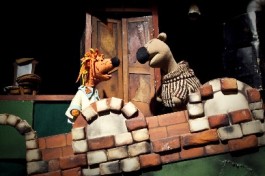 как Лиса Медведя Обманывала, да Потом Сама Попалась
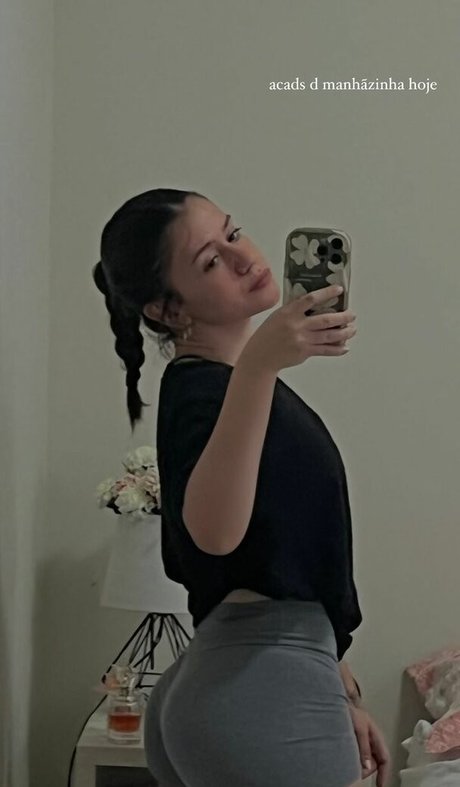 Maria ZB modèles nus photos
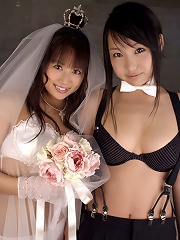 Two gravure idol hotties posing as wife and wife in their bikinis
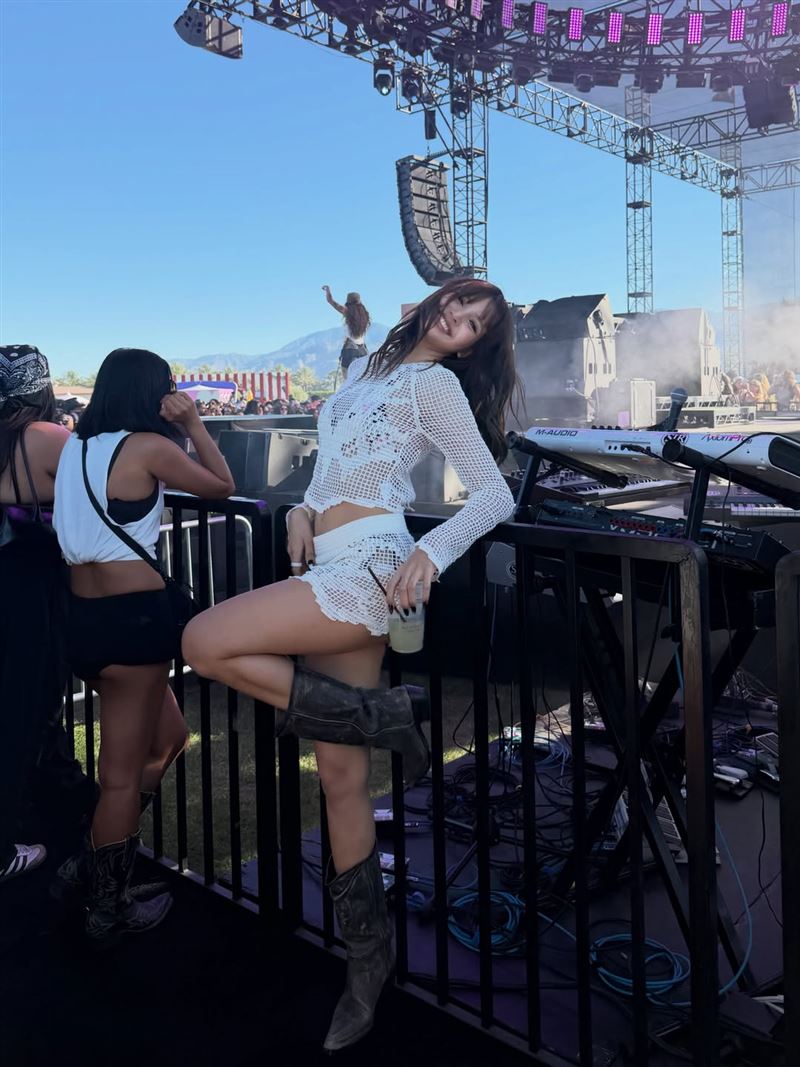 BLACKPINK成員Lisa在社群曬出參加科切拉音樂節的多張美照。（圖／翻攝自IG @lalalalisa_m）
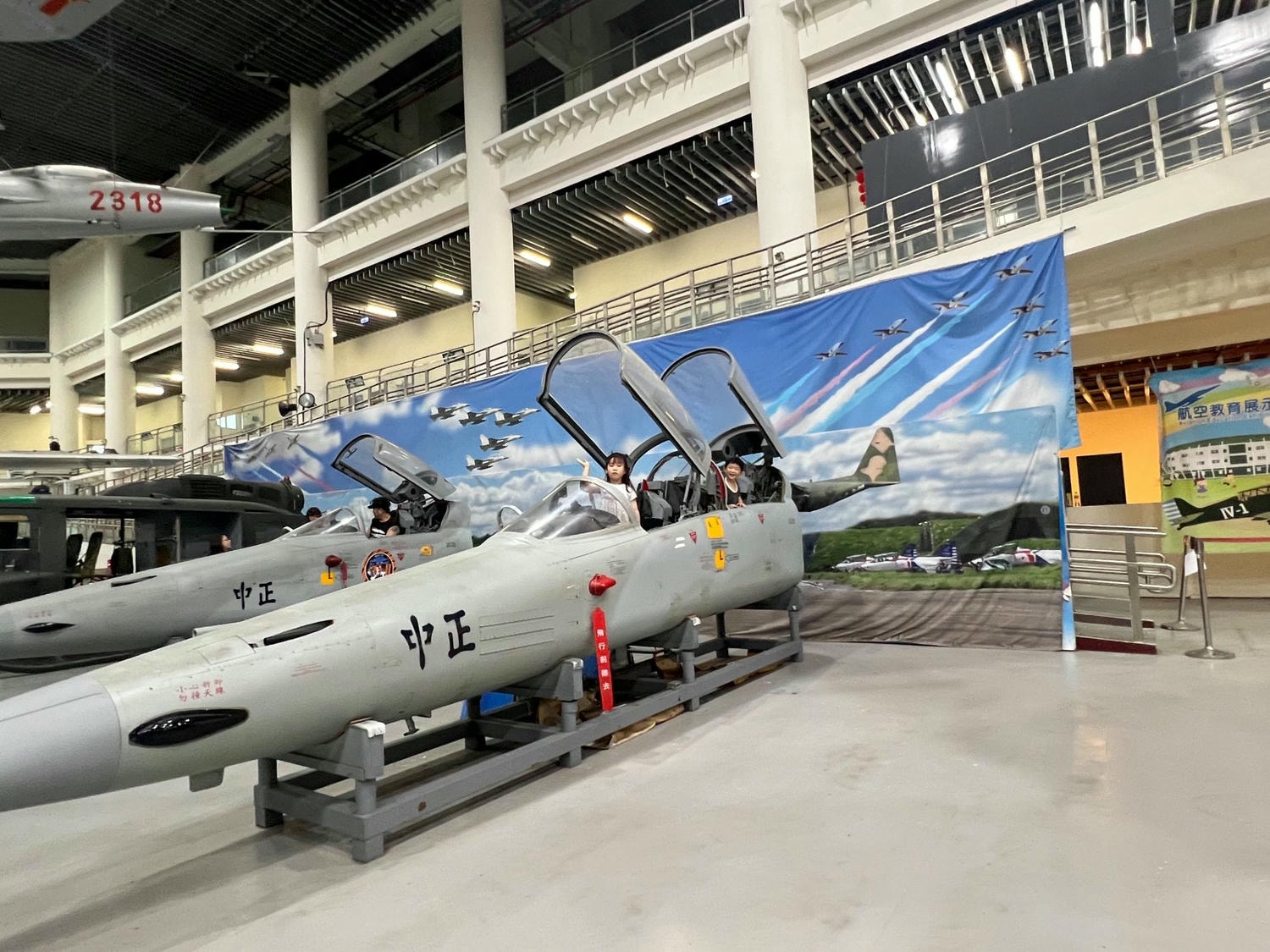 高雄岡山景點推薦|航空教育展示館 全亞洲唯一懸吊飛機的博物館,軍事迷、航空迷不能錯過! - 第37張圖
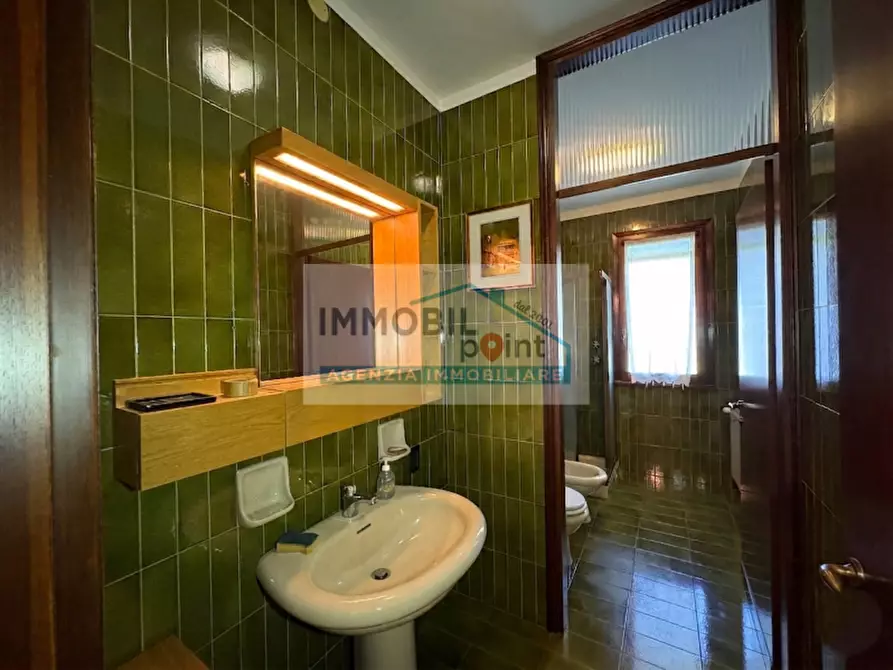 Immagine 30 di Villa in vendita  in Via Vergani a Abano Terme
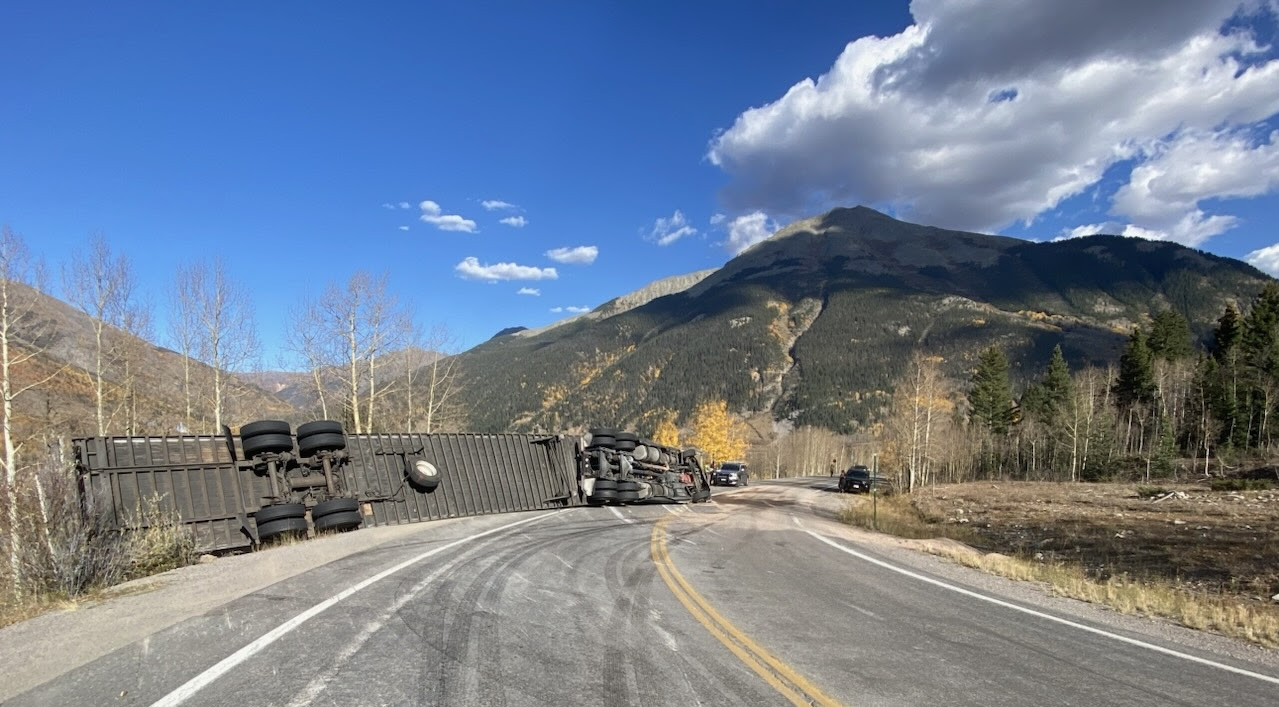 US550_south_silverton_semi_truck_rollover.jpg detail image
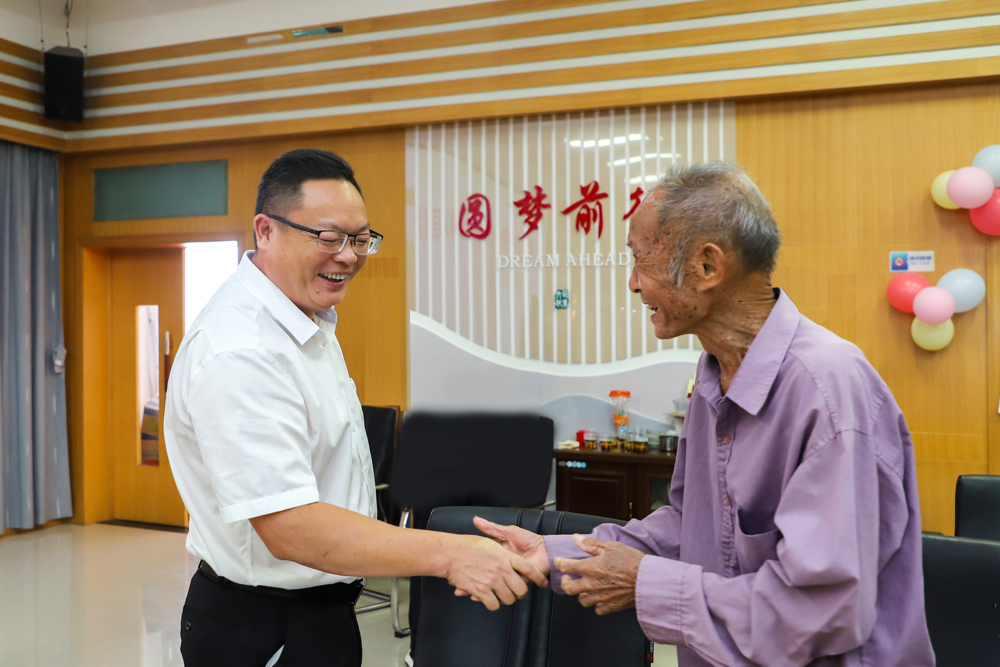 陈凡高董事长与老同志亲切交谈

::::::::::

• **What needs to be done**
Starting at the line where "US550_south_silverton_semi_truck_rollover.jpg detail image" appears, restate every line through the end of the records above exactly, but omit the pictures.

• **Answer to the exercise**
 US550_south_silverton_semi_truck_rollover.jpg detail image
 陈凡高董事长与老同志亲切交谈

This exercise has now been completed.